It is one thing to be disliked; quite another to be despised. Iran would not have kidnapped our Servicemen without having considered our rules of engagement, our diplomatic isolation and our likely military response, and made a rough calculation of how likely they were to get away with their piracy.

There was a time when British citizenship afforded a degree of protection from foreign harassment. When the half-mad King of Abyssinia interned two of our diplomats in 1868, we sent an expeditionary force of 13,000 British and Indian troops on a nine-month rescue mission.

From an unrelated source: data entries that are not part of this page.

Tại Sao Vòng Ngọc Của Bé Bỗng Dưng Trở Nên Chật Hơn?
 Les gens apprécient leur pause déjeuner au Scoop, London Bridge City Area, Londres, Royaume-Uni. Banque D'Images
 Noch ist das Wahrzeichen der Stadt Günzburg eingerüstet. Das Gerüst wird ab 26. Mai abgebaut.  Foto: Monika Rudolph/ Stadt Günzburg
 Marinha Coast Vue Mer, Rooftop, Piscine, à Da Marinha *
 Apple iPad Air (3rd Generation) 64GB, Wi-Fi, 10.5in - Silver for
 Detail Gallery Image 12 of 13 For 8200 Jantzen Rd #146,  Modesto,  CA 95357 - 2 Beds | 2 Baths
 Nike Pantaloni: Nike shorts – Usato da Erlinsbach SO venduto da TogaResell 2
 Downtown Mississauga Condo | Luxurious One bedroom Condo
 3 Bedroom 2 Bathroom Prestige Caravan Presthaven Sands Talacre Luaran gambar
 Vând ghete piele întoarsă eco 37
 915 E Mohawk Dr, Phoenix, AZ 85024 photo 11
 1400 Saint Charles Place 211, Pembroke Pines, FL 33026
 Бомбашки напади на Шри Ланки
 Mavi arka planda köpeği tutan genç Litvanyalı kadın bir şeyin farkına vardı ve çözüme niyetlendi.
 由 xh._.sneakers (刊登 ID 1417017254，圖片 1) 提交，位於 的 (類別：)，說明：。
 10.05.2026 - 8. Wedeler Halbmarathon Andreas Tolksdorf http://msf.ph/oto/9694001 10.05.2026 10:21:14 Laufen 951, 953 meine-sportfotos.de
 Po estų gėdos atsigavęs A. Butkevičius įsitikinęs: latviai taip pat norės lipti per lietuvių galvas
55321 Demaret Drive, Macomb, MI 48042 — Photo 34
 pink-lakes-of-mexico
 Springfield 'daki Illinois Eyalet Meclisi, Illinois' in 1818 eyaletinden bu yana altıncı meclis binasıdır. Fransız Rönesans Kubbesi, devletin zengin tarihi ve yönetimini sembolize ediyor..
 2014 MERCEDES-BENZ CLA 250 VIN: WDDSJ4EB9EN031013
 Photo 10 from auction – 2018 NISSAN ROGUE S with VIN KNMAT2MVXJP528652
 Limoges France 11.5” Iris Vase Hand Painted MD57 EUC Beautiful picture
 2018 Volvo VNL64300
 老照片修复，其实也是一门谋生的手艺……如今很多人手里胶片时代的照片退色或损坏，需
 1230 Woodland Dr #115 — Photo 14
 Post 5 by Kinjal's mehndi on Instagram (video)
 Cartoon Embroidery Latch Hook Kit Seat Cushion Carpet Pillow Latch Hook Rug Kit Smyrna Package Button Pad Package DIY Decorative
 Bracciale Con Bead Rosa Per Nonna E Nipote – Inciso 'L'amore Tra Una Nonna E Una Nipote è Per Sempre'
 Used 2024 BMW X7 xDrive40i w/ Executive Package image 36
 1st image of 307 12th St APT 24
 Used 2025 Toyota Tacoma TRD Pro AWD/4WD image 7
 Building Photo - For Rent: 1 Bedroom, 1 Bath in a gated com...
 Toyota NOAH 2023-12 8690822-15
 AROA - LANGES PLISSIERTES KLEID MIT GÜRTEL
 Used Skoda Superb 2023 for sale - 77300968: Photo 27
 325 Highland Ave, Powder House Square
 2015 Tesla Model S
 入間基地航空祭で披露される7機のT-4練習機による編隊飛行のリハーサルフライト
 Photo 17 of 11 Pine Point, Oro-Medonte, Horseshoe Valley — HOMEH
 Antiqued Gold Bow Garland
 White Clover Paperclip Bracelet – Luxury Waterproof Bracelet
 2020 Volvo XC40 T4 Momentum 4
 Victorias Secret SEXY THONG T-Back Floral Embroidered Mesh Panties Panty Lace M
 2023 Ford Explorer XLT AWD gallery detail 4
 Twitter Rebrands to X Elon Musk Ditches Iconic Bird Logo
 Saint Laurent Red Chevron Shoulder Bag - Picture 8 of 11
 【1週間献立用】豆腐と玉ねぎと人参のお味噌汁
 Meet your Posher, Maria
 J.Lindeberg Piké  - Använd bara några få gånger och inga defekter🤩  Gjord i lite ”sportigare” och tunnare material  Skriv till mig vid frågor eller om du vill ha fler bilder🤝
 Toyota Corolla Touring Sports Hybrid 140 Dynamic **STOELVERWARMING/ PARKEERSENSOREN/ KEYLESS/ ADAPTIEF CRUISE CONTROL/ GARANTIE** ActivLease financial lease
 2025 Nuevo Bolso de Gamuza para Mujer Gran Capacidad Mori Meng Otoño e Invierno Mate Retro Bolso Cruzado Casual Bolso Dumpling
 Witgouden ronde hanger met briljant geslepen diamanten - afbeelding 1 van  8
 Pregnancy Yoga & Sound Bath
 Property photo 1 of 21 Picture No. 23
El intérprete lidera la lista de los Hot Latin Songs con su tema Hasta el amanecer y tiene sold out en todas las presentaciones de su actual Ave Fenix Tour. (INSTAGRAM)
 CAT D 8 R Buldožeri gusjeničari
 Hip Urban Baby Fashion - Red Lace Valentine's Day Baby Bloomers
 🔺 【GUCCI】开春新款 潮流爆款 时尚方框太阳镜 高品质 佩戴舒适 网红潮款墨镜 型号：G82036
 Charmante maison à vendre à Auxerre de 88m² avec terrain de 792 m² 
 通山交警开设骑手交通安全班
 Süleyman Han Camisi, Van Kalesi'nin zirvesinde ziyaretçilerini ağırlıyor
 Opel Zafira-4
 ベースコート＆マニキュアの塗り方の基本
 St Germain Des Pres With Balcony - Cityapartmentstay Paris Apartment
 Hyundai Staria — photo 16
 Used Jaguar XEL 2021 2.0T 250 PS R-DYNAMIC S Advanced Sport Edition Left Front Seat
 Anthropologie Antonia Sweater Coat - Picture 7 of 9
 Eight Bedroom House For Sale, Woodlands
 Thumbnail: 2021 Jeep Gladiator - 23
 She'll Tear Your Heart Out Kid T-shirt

When Gordon was besieged at Khartoum in 1884, public opinion demanded a relief expedition, whose failure to arrive in time contributed in no small part to the downfall of the government.

During the Don Pacifico Affair in 1850, when Britain blockaded Piraeus in order to secure compensation for a Portuguese moneylender who had been born in Gibraltar, Palmerston assured his countrymen that “a British subject, in whatever land he may be, shall feel confident that the watchful eye and the strong arm of England will protect him from injustice and wrong”.

Not any more. Teheran is well aware that we have been taking on additional military responsibilities while running down our capacity. Struggling to meet our commitments in Iraq and Afghanistan, we are in little position to pick a new fight. Public opinion, too, has changed. Where our great-great-grandfathers clamoured for the rescue of Gordon, we have reacted to Iran’s provocation with a resigned shrug. Americans, in particular, cannot understand why we seem so indifferent to the fate of our own people.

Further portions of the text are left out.